OpenNEX DCP30 Analysis Using Pandas

This notebook illustrates how to analyze a subset of OpenNEX DCP30 data using Python and pandas. Specifically, we will be analyzing temperature data in the Chicago area to understand how the CESM1-CAM5 climate model behaves under different RCP scenarios during the course of this century.

A dataset for this example is available at http://opennex.planetos.com/dcp30/k6Lef. On that page you will find a bash script that can be used to deploy a Docker container which will serve the selected data. Deployment of the container is beyond the scope of this example.


Import Required Modules

Let's begin by importing the required modules. We'll need pandas for analysis and urllib2 to request data from our access server. We'll use matplotlib to create a chart of our analysis.


In [2]:
%matplotlib inline
import matplotlib.pyplot as plt
import matplotlib
matplotlib.style.use('ggplot')

# set default figure size
from pylab import rcParams
rcParams['figure.figsize'] = 16, 8

import pandas as pd
import urllib2

Loading Data into a Dataframe

The load_data function reads data directly from your access server's endpoint. It accepts the ip_addr parameter, which must correspond to the IP address of your data access server.

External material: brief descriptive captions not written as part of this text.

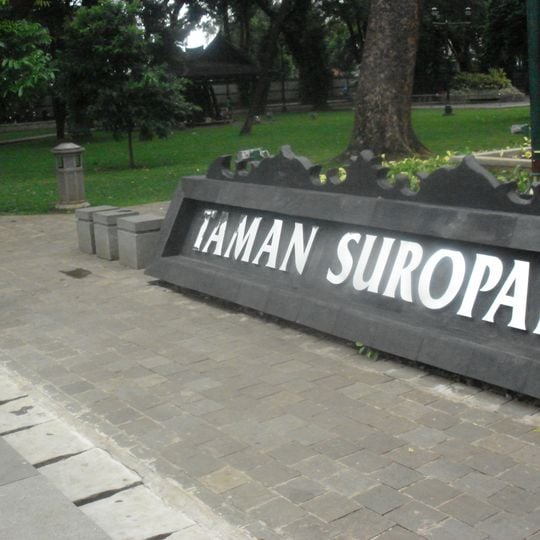 Taman Suropati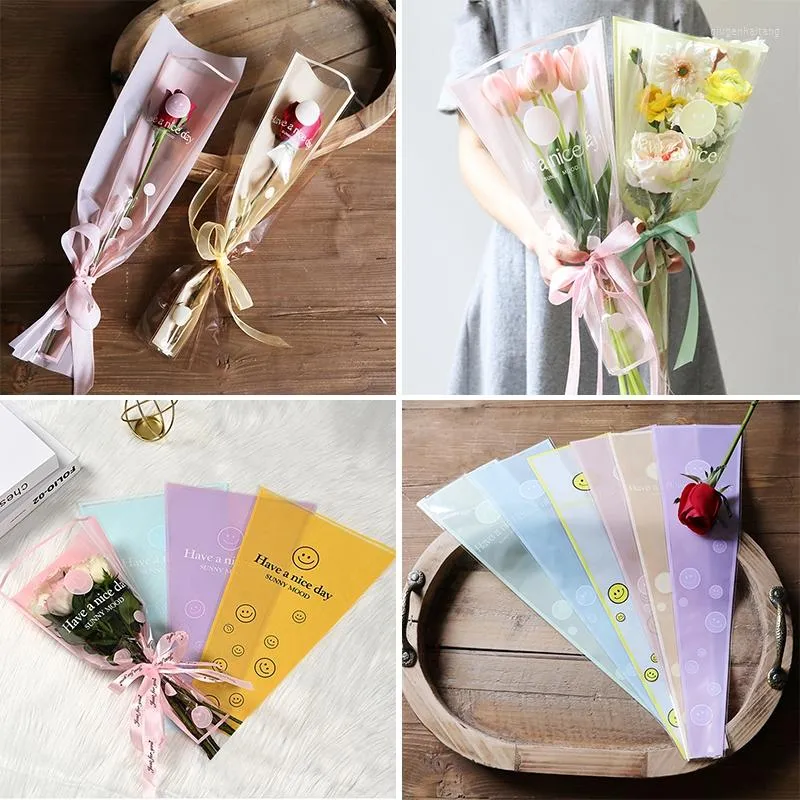 Opakowanie prezentów 10pcs Flower Paper Papier przezroczyste worki DIY Wodoodporne opakowanie materiały bankietowe akcesoria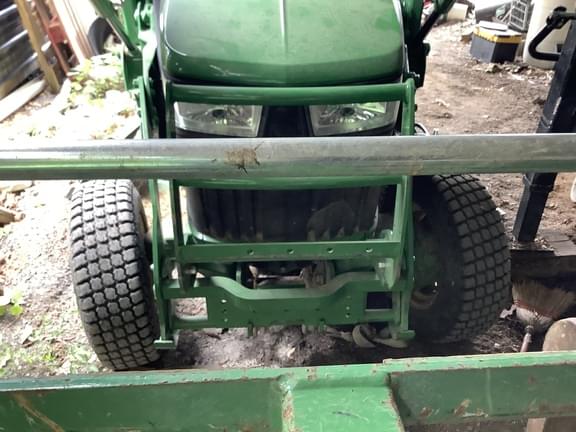 Image of John Deere 3046R equipment image 4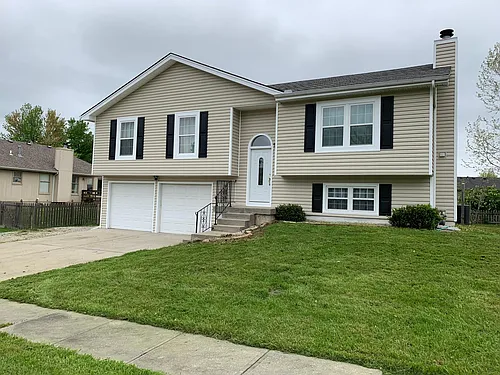 1603 Patricia Dr Photo 1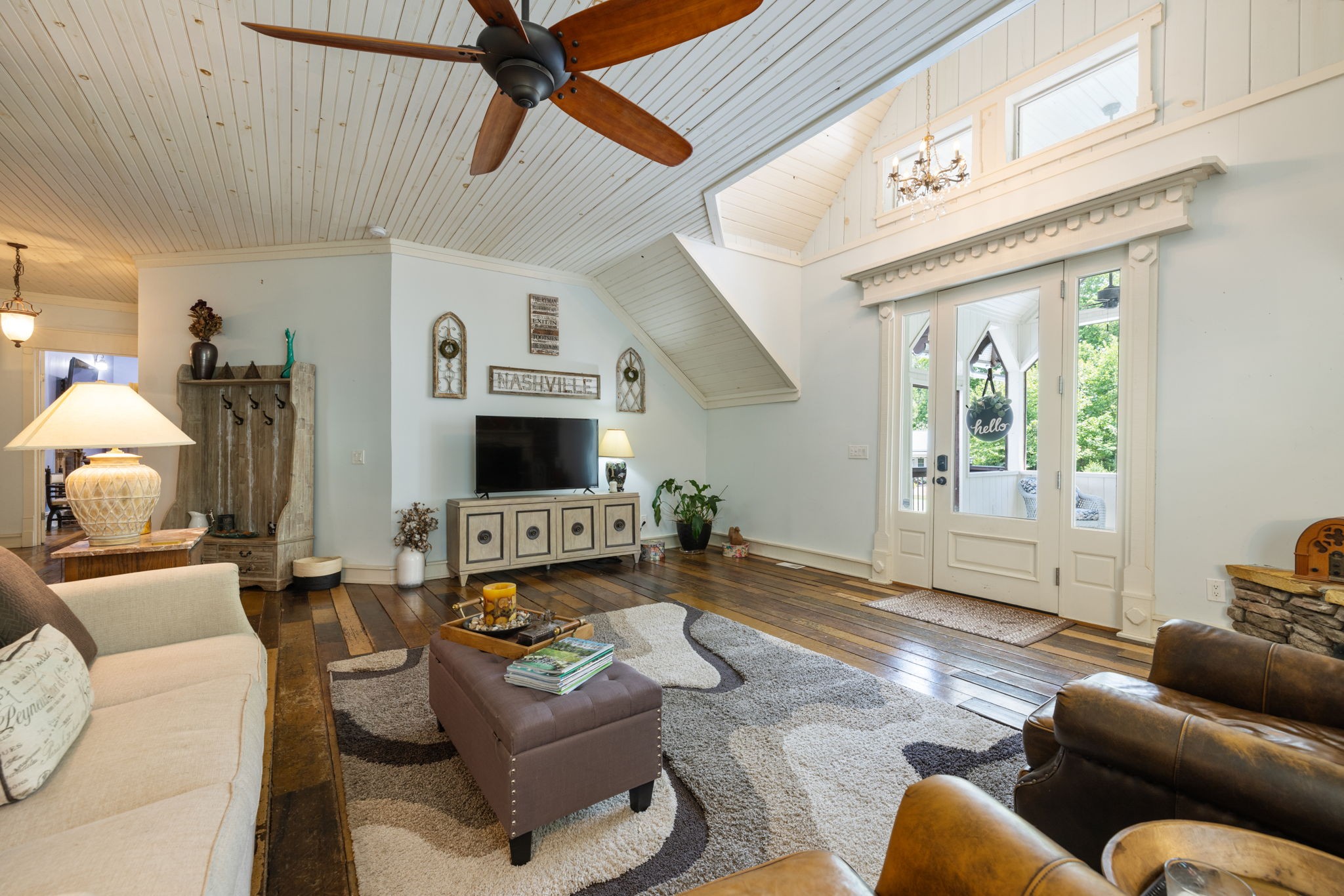 7646 Highway 100 Property Photo 10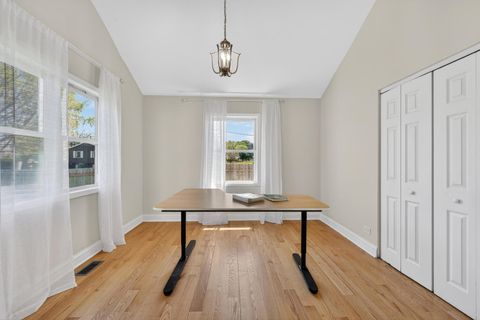 Tiny photo for 1673 Bloomingdale Road, Glendale Heights, IL 60139 (MLS # 12630983)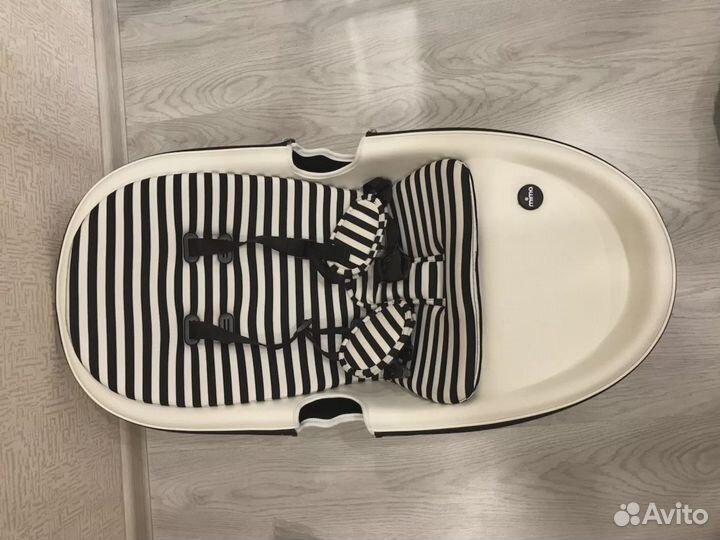 Прогулочная коляска 2 в 1 mima xari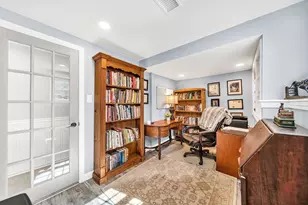 154 Holly Ln, Holliston, MA 01746 - Photo 23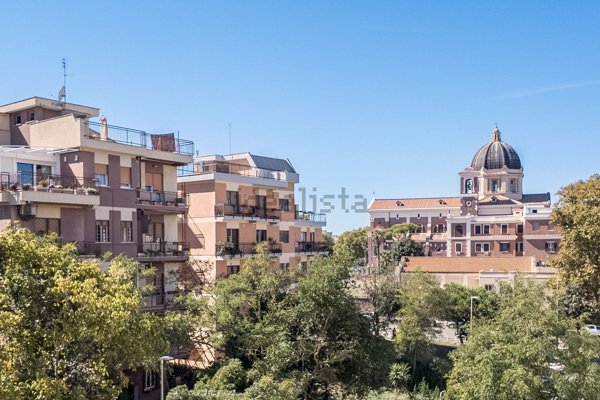 appartamento in vendita a Roma in zona Ostia
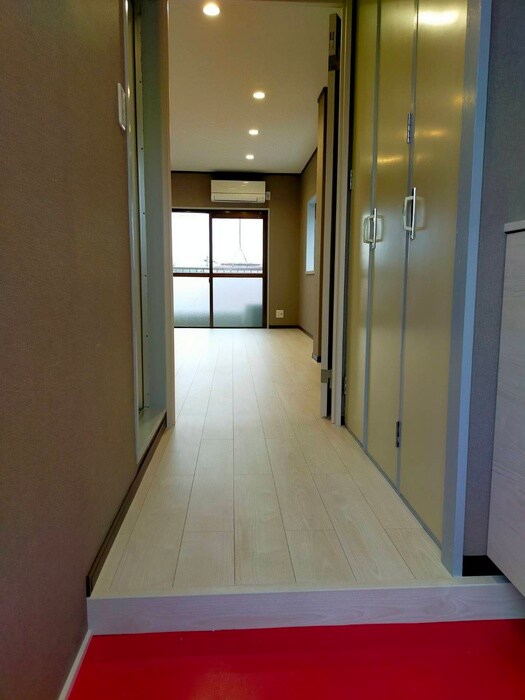 物件内観写真20　(玄関)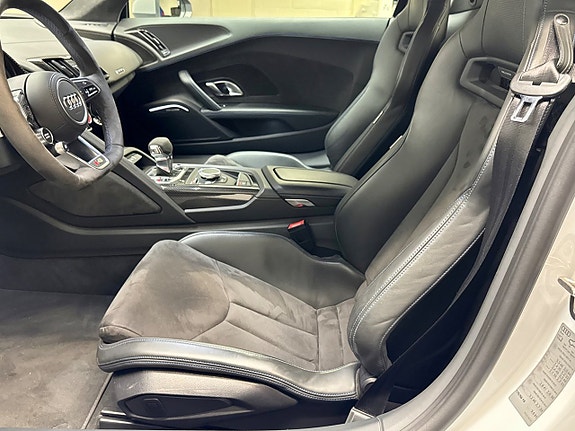 Audi R8 16 of 24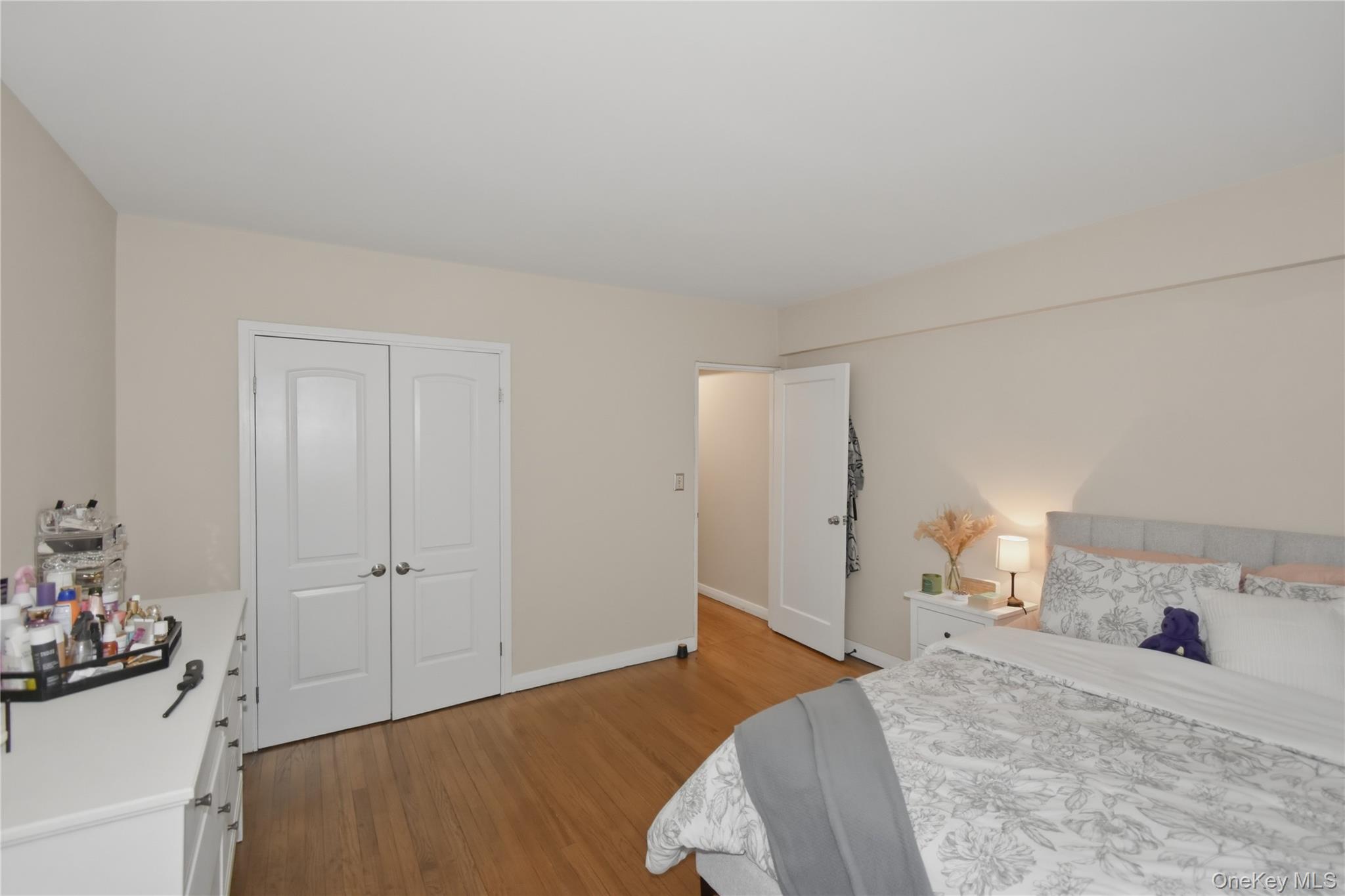280 Collins Avenue 6i Property Photo 12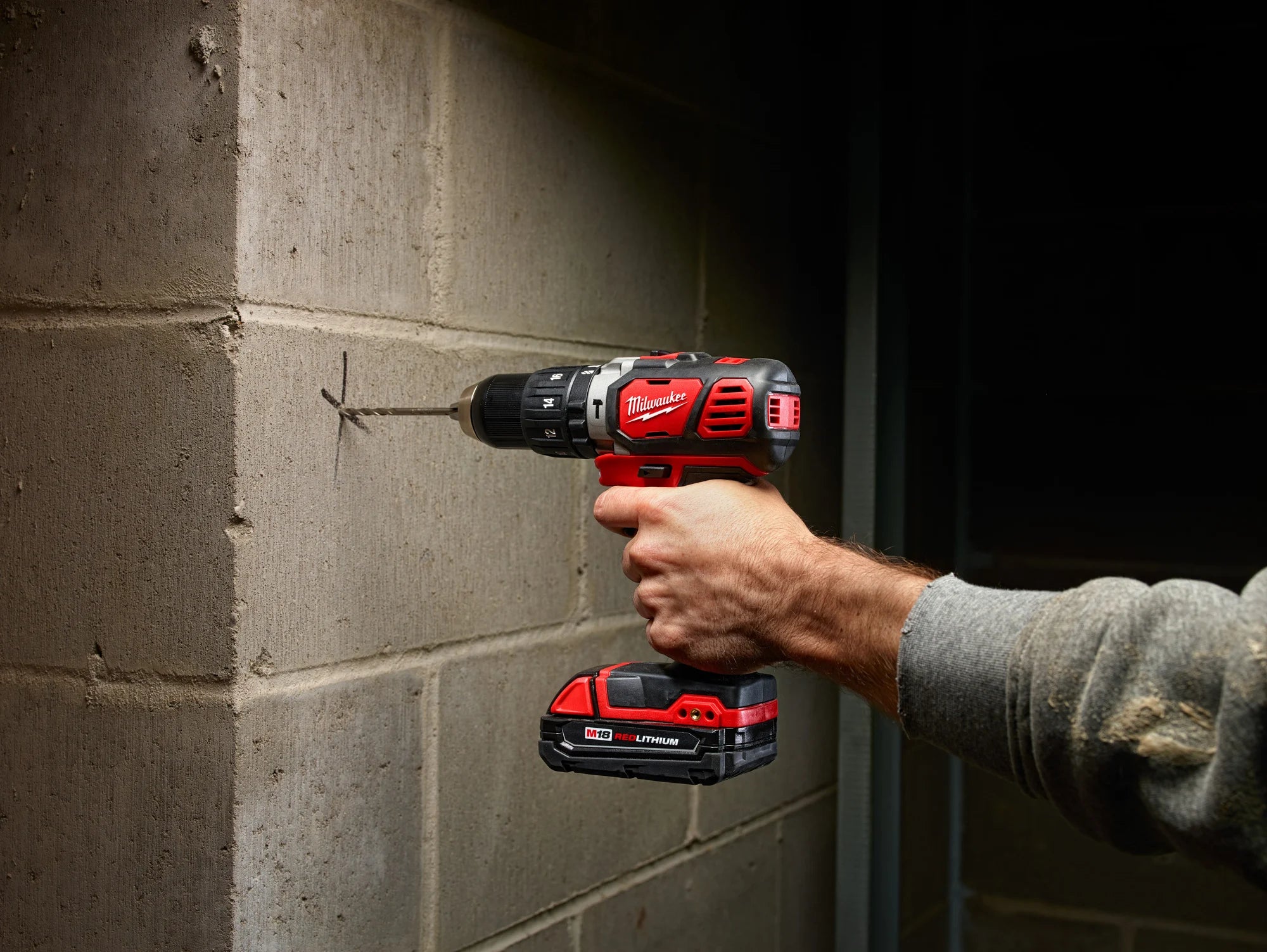 MILWAUKEE Milwaukee 2697-22CT M18 Hammer Drill W/Impact Dr W/Cmpt Bat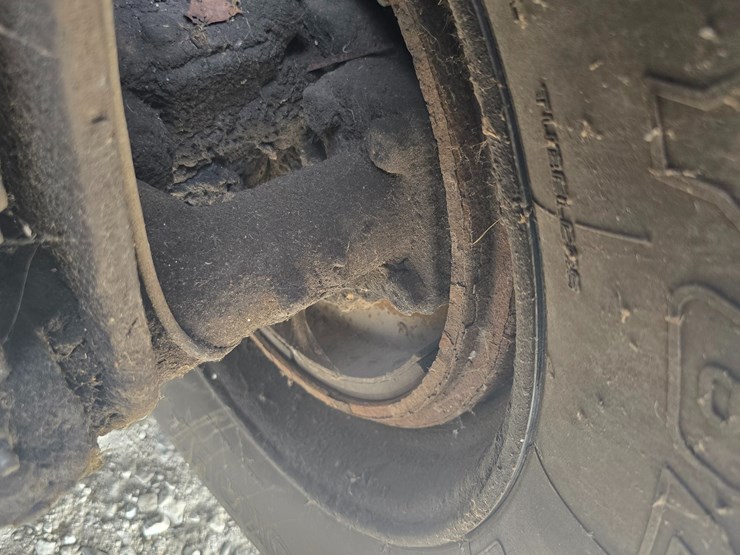 2003-peterbilt-320-image-79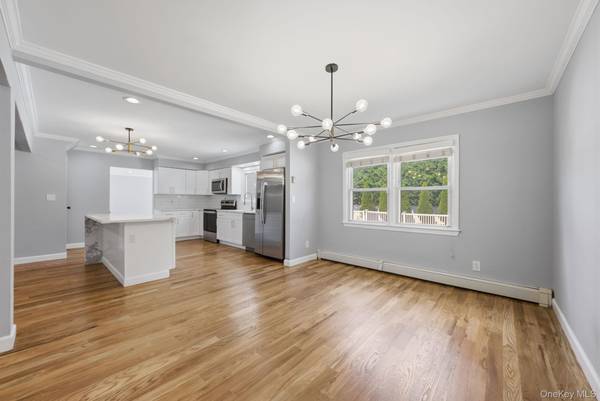 2415 Babylon TPKE, Merrick, NY 11566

For local deployments, this may be localhost or a local IP address. If you've deployed into an EC2 instance, you'll need to ensure the port is accessible and replace localhost with your instance's public IP address.

It's easier to work with the resulting data if we tell pandas about the date and categorical columns. The function declares these column types, and also converts the temperature from degrees Kelvin to degrees Celsius.


In [3]:
def load_data(ip_addr):
    data = pd.read_csv(urllib2.urlopen("http://%s:7645/data.csv" % (ip_addr)))
    for col in ['Model', 'Scenario', 'Variable']:
        data[col] = data[col].astype('category')
    data['Date'] = data['Date'].astype('datetime64')
    data['Temperature'] = data['Value'] - 273.15
    return data

Plotting the Scenarios

After loading that data, we can use matplotlib to visualize what the model predicts over the course of this century. This function reduces the data to show the warmest month for each year and displays the values under each RCP scenario.


In [4]:
def do_graph(df):
    model = df.loc[1,'Model']
    df['Year'] = df['Date'].map(lambda d: "%d-01-01" % (d.year)).astype('datetime64')
    by_year = df.groupby(['Year', 'Scenario']).max().loc[:,['Temperature']]
    groups = by_year.reset_index().set_index('Year').groupby('Scenario')
    for key, grp in groups:
        plt.plot(grp.index, grp['Temperature'], label=key)
    plt.legend(loc='best')
    plt.title("Maximum mean temperature for warmest month using model %s" % (model))
    plt.xlabel("Year")
    plt.ylabel("Temperature [Celsius]")
    plt.show()

Putting it all Together

Let's load the data, quickly inspect it using the head method, then use do_graph to visualize it.


In [5]:
# Note: make sure you pass load_data the correct IP address. This is only an example.
data = load_data("localhost")

In [6]:
data.head()


Out[6]:
Date Longitude Latitude Model Scenario Variable Value Temperature
0 2000-01-01 -87.6458 41.8708 CESM1-CAM5 historical tasmax 273.052246 -0.097754
1 2000-01-01 -87.6375 41.8708 CESM1-CAM5 historical tasmax 273.061737 -0.088263
2 2000-01-01 -87.6292 41.8708 CESM1-CAM5 historical tasmax 273.059784 -0.090216
3 2000-01-01 -87.6208 41.8708 CESM1-CAM5 historical tasmax 273.168396 0.018396
4 2000-01-01 -87.6125 41.8708 CESM1-CAM5 historical tasmax 273.170197 0.020197

In [7]:
do_graph(data)


Results

The plot above begins with a brief historical period at the start of the century, then presents data from the four RCP scenarios. We can see annual fluxuations as well as a clear divergence towards the end of the century. As expected, the most aggressive warming scenario, rcp85, produces the warmest temperatures.